## Dataset:
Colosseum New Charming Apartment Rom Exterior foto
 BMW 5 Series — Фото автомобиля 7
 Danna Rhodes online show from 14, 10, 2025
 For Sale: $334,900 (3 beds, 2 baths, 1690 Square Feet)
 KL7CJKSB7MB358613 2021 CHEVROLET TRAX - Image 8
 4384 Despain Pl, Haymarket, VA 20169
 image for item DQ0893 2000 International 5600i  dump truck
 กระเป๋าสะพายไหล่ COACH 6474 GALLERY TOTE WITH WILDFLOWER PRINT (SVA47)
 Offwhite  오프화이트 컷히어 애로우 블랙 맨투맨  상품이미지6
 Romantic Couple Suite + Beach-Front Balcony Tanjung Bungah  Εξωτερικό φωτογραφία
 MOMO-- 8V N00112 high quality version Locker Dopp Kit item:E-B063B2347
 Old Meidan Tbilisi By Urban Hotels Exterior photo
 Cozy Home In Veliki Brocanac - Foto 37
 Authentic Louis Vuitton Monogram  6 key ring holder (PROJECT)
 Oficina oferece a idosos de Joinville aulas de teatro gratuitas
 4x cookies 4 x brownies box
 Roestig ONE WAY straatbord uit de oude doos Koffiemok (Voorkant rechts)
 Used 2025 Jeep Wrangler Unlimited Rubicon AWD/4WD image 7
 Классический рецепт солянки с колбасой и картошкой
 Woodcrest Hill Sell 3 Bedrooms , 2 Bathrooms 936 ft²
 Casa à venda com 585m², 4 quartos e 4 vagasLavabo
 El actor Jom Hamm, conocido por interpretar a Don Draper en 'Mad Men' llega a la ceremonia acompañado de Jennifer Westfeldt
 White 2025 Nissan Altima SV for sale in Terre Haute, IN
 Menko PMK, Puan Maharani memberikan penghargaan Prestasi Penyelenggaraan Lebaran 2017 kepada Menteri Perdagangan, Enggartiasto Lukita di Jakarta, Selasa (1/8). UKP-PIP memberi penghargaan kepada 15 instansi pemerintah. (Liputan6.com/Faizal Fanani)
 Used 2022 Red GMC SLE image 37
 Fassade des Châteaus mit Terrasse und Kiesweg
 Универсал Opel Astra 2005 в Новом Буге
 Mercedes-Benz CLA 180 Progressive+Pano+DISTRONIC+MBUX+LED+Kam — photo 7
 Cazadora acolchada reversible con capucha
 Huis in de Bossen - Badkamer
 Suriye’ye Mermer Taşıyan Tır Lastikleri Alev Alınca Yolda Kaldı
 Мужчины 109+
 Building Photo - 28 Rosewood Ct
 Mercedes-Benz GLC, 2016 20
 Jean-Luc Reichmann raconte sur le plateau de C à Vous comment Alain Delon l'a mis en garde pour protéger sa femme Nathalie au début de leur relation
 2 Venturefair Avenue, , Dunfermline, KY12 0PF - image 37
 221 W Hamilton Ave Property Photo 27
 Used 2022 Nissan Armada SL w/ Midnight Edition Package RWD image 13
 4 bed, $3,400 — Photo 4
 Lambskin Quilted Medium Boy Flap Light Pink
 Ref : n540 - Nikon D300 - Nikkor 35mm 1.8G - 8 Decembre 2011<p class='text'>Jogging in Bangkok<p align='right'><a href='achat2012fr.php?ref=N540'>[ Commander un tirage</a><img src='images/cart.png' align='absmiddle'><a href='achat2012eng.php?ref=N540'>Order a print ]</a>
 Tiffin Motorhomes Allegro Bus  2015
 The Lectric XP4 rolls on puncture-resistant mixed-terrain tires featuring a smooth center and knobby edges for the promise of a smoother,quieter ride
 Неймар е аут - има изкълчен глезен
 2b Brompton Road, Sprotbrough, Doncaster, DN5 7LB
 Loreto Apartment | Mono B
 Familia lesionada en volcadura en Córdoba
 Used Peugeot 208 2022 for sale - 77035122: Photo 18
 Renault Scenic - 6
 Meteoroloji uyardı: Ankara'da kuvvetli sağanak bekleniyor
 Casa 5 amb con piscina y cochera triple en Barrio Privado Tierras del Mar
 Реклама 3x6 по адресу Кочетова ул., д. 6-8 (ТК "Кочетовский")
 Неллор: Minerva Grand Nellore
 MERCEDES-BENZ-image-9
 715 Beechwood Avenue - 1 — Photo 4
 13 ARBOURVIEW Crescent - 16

## Problem details:
The lines above starting at the one that contains "The Lectric XP4" and ending at the one that contains "Meteoroloji uyardı: Ankara'da" must be transcribed exactly, and no other lines may appear.

## Answer to this exercise:
 The Lectric XP4 rolls on puncture-resistant mixed-terrain tires featuring a smooth center and knobby edges for the promise of a smoother,quieter ride
 Неймар е аут - има изкълчен глезен
 2b Brompton Road, Sprotbrough, Doncaster, DN5 7LB
 Loreto Apartment | Mono B
 Familia lesionada en volcadura en Córdoba
 Used Peugeot 208 2022 for sale - 77035122: Photo 18
 Renault Scenic - 6
 Meteoroloji uyardı: Ankara'da kuvvetli sağanak bekleniyor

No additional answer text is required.